• Task description: Copy out the whole listing exactly as written, leaving the pictures behind.
━━━━━ The data
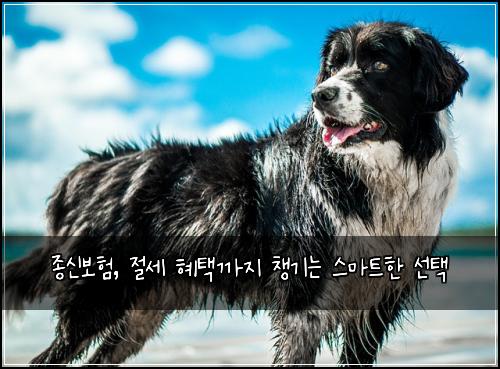 종신보험, 절세 혜택까지 챙기는 스마트한 선택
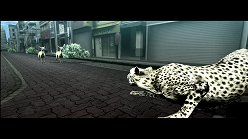 画像集#011のサムネイル/母親とはぐれた小鹿や家族を守るライオンの運命はいかに。「TOKYO JUNGLE」の過酷な環境を生きる動物達のストーリーを紹介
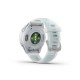 Garmin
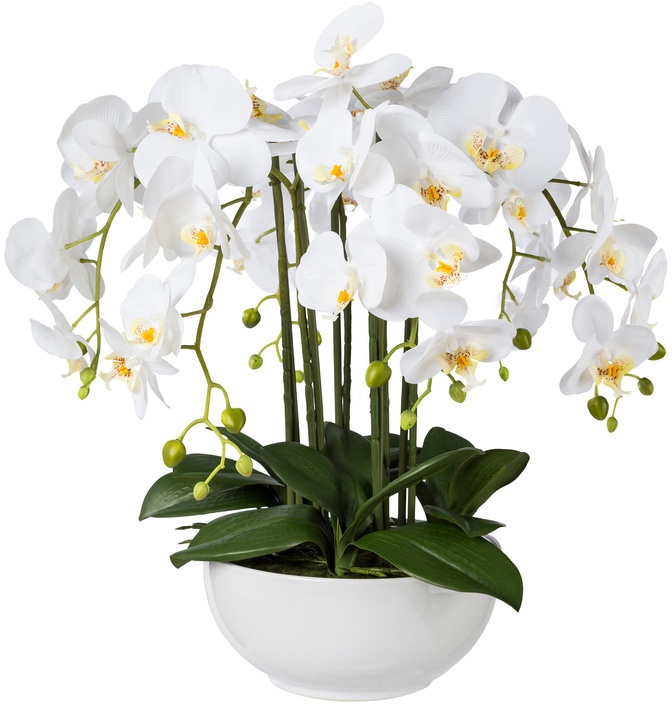 Kunstorchidee Phalaenopsis In Keramikschale, 54 Cm (Farbe: Weiss)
━━━━━━━━━━
• Exercise output:
 종신보험, 절세 혜택까지 챙기는 스마트한 선택
 画像集#011のサムネイル/母親とはぐれた小鹿や家族を守るライオンの運命はいかに。「TOKYO JUNGLE」の過酷な環境を生きる動物達のストーリーを紹介
 Garmin
 Kunstorchidee Phalaenopsis In Keramikschale, 54 Cm (Farbe: Weiss)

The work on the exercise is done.